Tuesday, December 25

            On Christmas Day we awoke at 8:00 or so.  The sun was shining on the wet streets and Bob said, “Let’s go climb Mount Tam.”  We took the bus and spent the day hiking and remembering how Chris had enjoyed the mountain woods.  Then we returned hungry to the city and had a good dinner in Chinatown before taking a cab back to the slum. Later we read that three people in San Francisco were murdered on Christmas Eve.

Wednesday, December 26

            We learned that it cost $650 to rent a truck and drive it to Minneapolis.  For some reason nobody rented vans or anything smaller than a 12-foot-bed truck, and one dealer estimated a 12-foot truck would get 5 miles per gallon, which with gas at $1 would add over $400 on the 2300-mile trip.

            So I spent several hours searching by phone for cheaper rentals, or for alternatives such as shipping Chris’s motorcycle and twenty 25-pound boxes so we could rent a compact.  One depressing discovery was that renting a compact cost almost as much as a truck.

            Then in the Yellow Pages I hit a list of “drive-away” companies.  After calling four or five of them I found one in Oakland that had a vehicle going to northwest Minnesota—and the vehicle was a pickup truck! The only way to reserve it was by $150 cash deposit, so we had to get to this dumpy, fly-by-night-looking upstairs office a few blocks away from the 19th Street BART station.  We returned just before dark to Peter’s apartment. 

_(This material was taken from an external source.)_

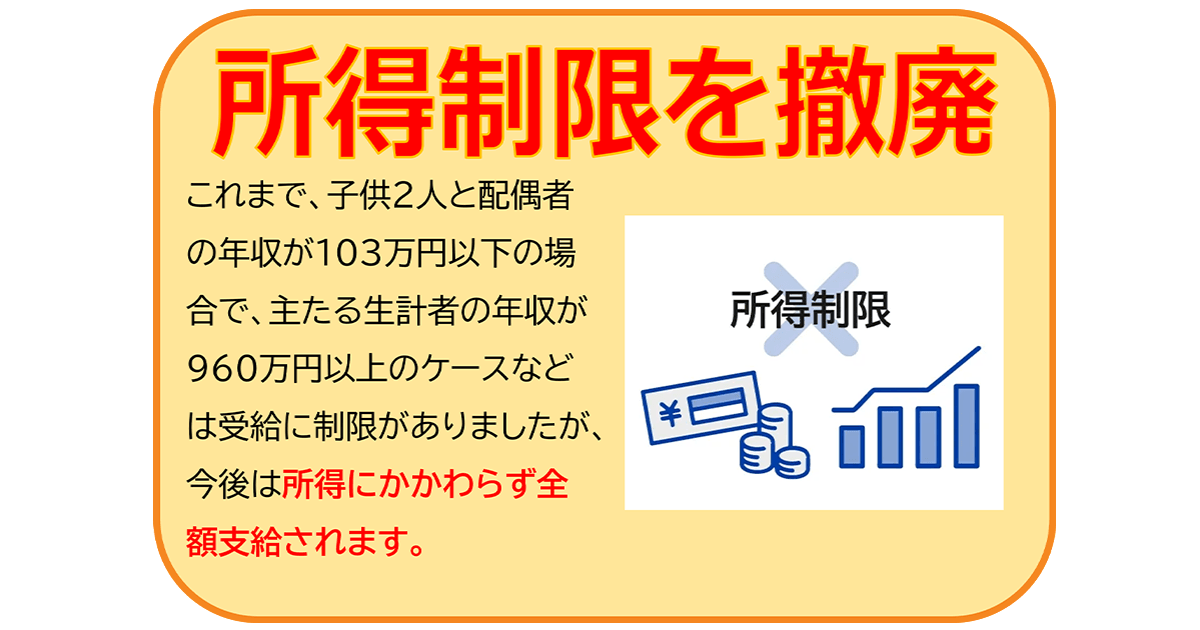 支給期間を高校生年代まで延長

            I had just made tea and we were sitting around his office with the heater on and Fudo on my lap, when Meg knocked on the door.  She stayed about an hour, sitting with me on the floor at Bob’s feet, because he was in the only comfortable chair, and listening to him talk about Katagiri’s excellence, Chris’s high regard for his strong practice, and Katagiri’s high regard for Chris. 

            She and the princess were the only people still in the Guest House. Marc had gone to Green Gulch to assume duties as director. She would stay here a few more weeks before joining him.  As usual, she indicated neither good nor bad feelings about any of it.  I suggested Bob and I go sleep at the Guest House because it was dangerous for two women to be alone.  Meg looked a little frightened when I said this, but declined.  We walked her home though.  Before we left we passed a poster Peter had of an angry Khali-type deity.  Meg bowed to it, and said jokingly, “Well, better bow to the black Buddha.”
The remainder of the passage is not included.